** Opening DATA BLOCK block **

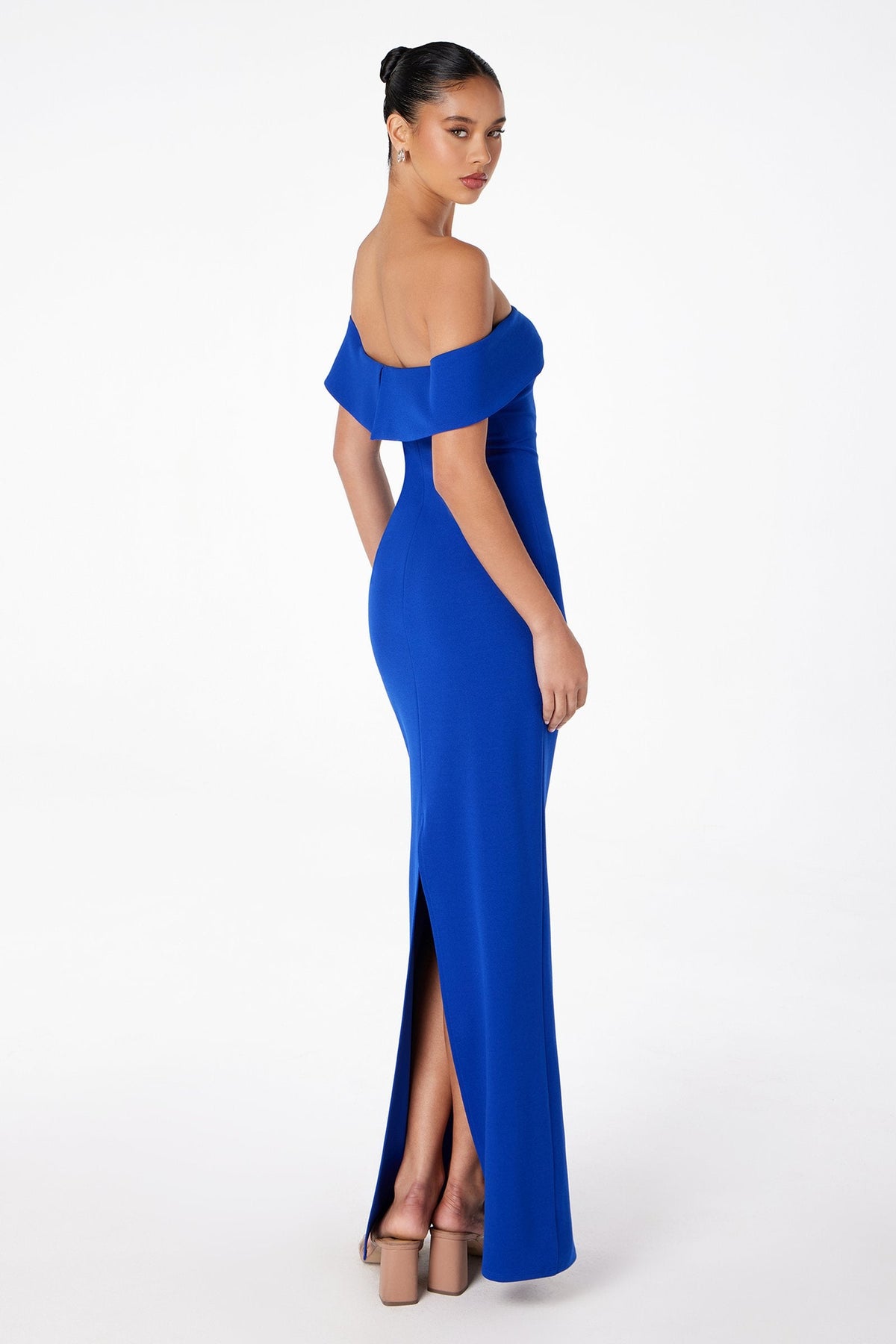 Off the Shoulder Fitted Evening Gown Back Slit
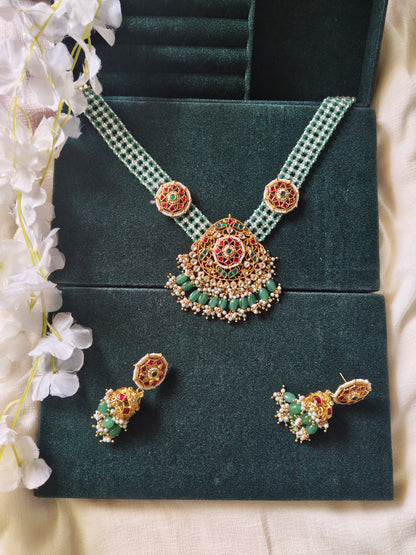 Aarunya Polki Kundan Pearl Choker Set | Green Beaded Bridal Necklace with Jhumka Earrings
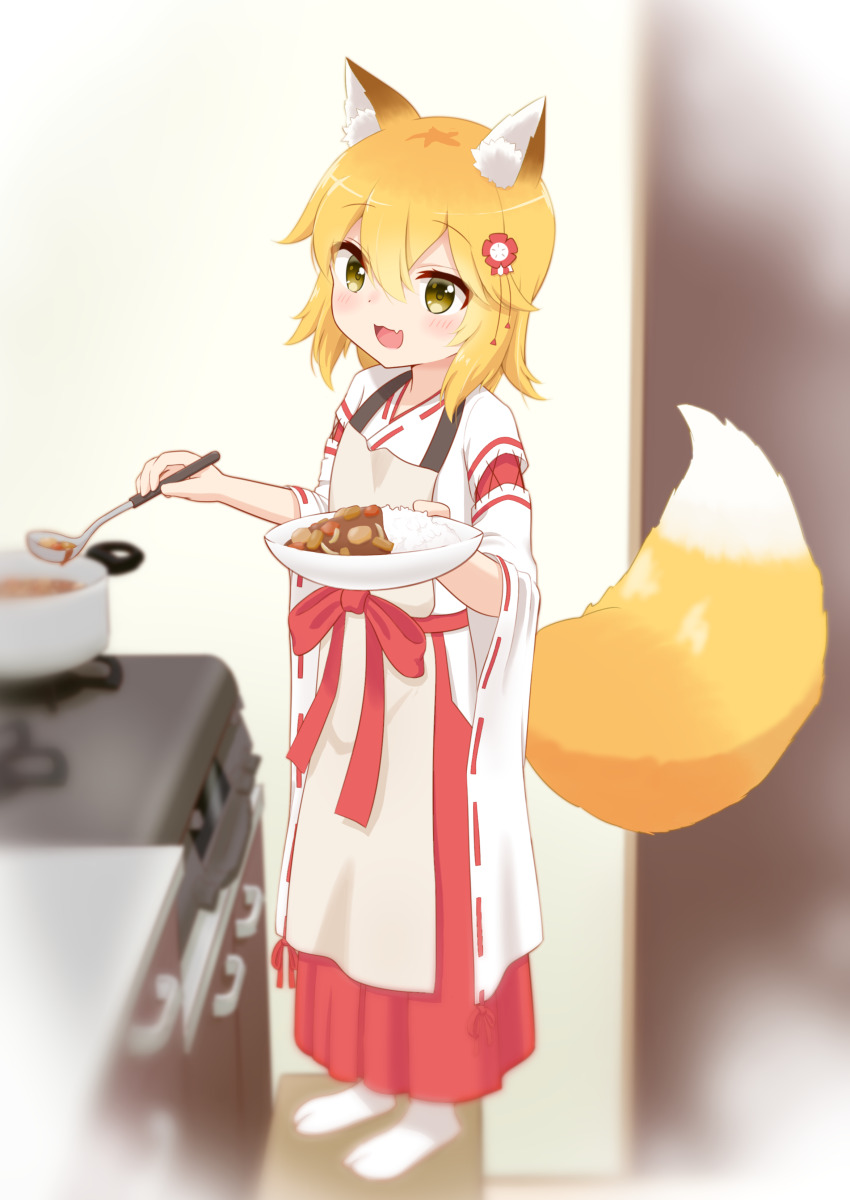 1girl, :3, :d, absurdres, animal_ear_fluff, animal_ears, apron, blonde_hair, blush, brown_apron, chair, commentary_request, cooking_pot, curry, curry_rice, fang, flower, food, fox_ears, fox_girl, fox_tail, hair_between_eyes, hair_flower, hair_ornament, hakama, hakama_skirt, hanazora_satsuki, highres, holding, holding_ladle, holding_plate, japanese_clothes, kimono, ladle, looking_at_viewer, miko, on_chair, on_stool, open_mouth, plate, red_flower, red_hakama, ribbon_trim, rice, senko_(sewayaki_kitsune_no_senko-san), sewayaki_kitsune_no_senko-san, skin_fang, skirt, smile, socks, solo, standing, standing_on_chair, stool, stove, tail, vignetting, white_kimono, white_socks, wide_sleeves, yellow_eyes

** Closing DATA BLOCK block **

REQUIRED ACTION:
The data above must be copied exactly. Leave out the pictures.

EXERCISE RESPONSE:
 Off the Shoulder Fitted Evening Gown Back Slit
 Aarunya Polki Kundan Pearl Choker Set | Green Beaded Bridal Necklace with Jhumka Earrings
 1girl, :3, :d, absurdres, animal_ear_fluff, animal_ears, apron, blonde_hair, blush, brown_apron, chair, commentary_request, cooking_pot, curry, curry_rice, fang, flower, food, fox_ears, fox_girl, fox_tail, hair_between_eyes, hair_flower, hair_ornament, hakama, hakama_skirt, hanazora_satsuki, highres, holding, holding_ladle, holding_plate, japanese_clothes, kimono, ladle, looking_at_viewer, miko, on_chair, on_stool, open_mouth, plate, red_flower, red_hakama, ribbon_trim, rice, senko_(sewayaki_kitsune_no_senko-san), sewayaki_kitsune_no_senko-san, skin_fang, skirt, smile, socks, solo, standing, standing_on_chair, stool, stove, tail, vignetting, white_kimono, white_socks, wide_sleeves, yellow_eyes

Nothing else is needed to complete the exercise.